While I waited at the bus stop in Camden Road this morning, the exhaust clattered off a fifteen-year-old Ford Fiesta just as it passed me. A young mum was driving, obviously on the school run, two young kids in the back. There, I thought to myself as I kicked the broken silencer into the gutter, is one of today’s first customers for Wonga.com.
Of course I might have been completely wrong: the young mum might like driving her old Fiesta for sentimental reasons and keep half-a-dozen newer, pricier and more exotic machines on the driveway of her Hampstead home. But I doubt it. And it’s Thursday, which is the tightest day of the weeks for family finances. And she only has about six hours before those kids need picking up again.
I remember a piece of research a few years ago reporting that some astonishingly high proportion of the population – could it have been half? – agreed with the statement that they would be “unable to put their hands on £50 in cash by 9am tomorrow morning.” Maybe it was a quarter. Or an eighth. But whatever it was, it’s a statement that is incomprehensible to the rest of us. How many different ways could I lay my hands on £50 by 9am tomorrow morning? At least a dozen. And that without either cadging off friends or resorting to crime.
But what we in the affluent middle classes have to understand is that there really are millions of people in the country for whom borrowing from a payday lender is the only way of getting that exhaust fixed by 3 o’clock this afternoon. The only way. And to say that borrowing at four-thousand-and-something per cent APR is a terrible decision, and the people who lend the money are terrible people, completely misses the point. Or, indeed, several points.
It misses the point that the only other available decision – the one which involves leaving the kids outside the school gate at 3.30 wondering what’s happened to mum – is a good deal more terrible.
It misses the point that we’re just absolutely not operating here in, or anywhere near, the world of APR comparison-shopping. This is not about looking at best-buy personal loan tables in the Daily Telegraph, finding a small Midlands building society that’s three bips below everyone else, filling in an online application form and waiting for our positive credit check to come back from Experian. That’s not in any way a meaningful comparison or frame of reference here.
And it misses the point that our young mum isn’t actually paying four-thousand-and-something per cent, or anything like.

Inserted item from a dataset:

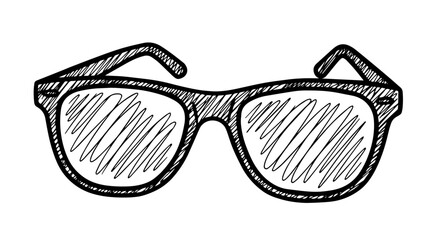 Hand drawn sketchy sunglasses, isolated on transparent or white background, vector illustration.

What she’s doing is borrowing £50, and paying back £60 when she gets paid tomorrow (or possibly £30 when she gets paid tomorrow and £35 next Friday). The cost to her is not four-thousand-and something per cent: it’s a tenner. And given that it’s the only game in town (and given that this kind of lending represents a level of risk that no-one else will touch), she’s not too gobsmacked by that.
Ah yes, credit risk. Surely we’re appalled by the strongarm tactics that many of these firmsuse to, um,. encourage reluctant repayers? Well, yes, of course, no question, utterly disgraceful and repugnant. But our outrage may well be out of line with the feelings of punctual repayers. If more defaults meant even higher rates, the majority would surely support a higher, not lower, level of encouragement for the minority.
The thing is, it seems to me that being against payday lenders reflects a total failure to recognise how very poor people live. If a payday loan is the only way to feed the family for the next 48 hours, or the only way to pay for your travel to work until Friday, or the only way to keep the electricity on during the current cold snap, then pious hand-wringing doesn’t do much good for the borrower. I suppose it might be nice if the lenders dropped their APRs by a thousand per cent or so, but would borrowing £50 today and paying back £54 instead of £55 tomorrow really be all that different? And if the rate cut meant tougher credit checks, more rejections, slower approvals and fiercer pursuit of defaulters, are we really sure that would represent a net gain for the market these lenders serve?
I need to interrupt this somewhat unexpected defence of payday lending to emphasise that payday lending, like any other financial product or service and indeed any other non-financial product or service, would indeed be impossible to defend if the providers were exploiting their customers to make obscenely high profits. As far as I can see, looking quickly at a few of the bigger players, that doesn’t seem to be the case – in fact, at least one seems to be on the brink of insolvency. Payday lending isn’t remotely in the same class as PPI, for example, when it comes to preposterous profitability.
In short, I think being against payday lending is being against being poor. Today, this Thursday, if you announced that you were going to abolish the whole universe of payday lending at lunchtime, there are tens of thousands of people with empty fridges and credit-less Oyster cards who’d be panic-stricken at the news.
And a certain fifteen-year-old Ford Fiesta that wouldn’t be in its usual spot outside Brecknock Primary this afternoon.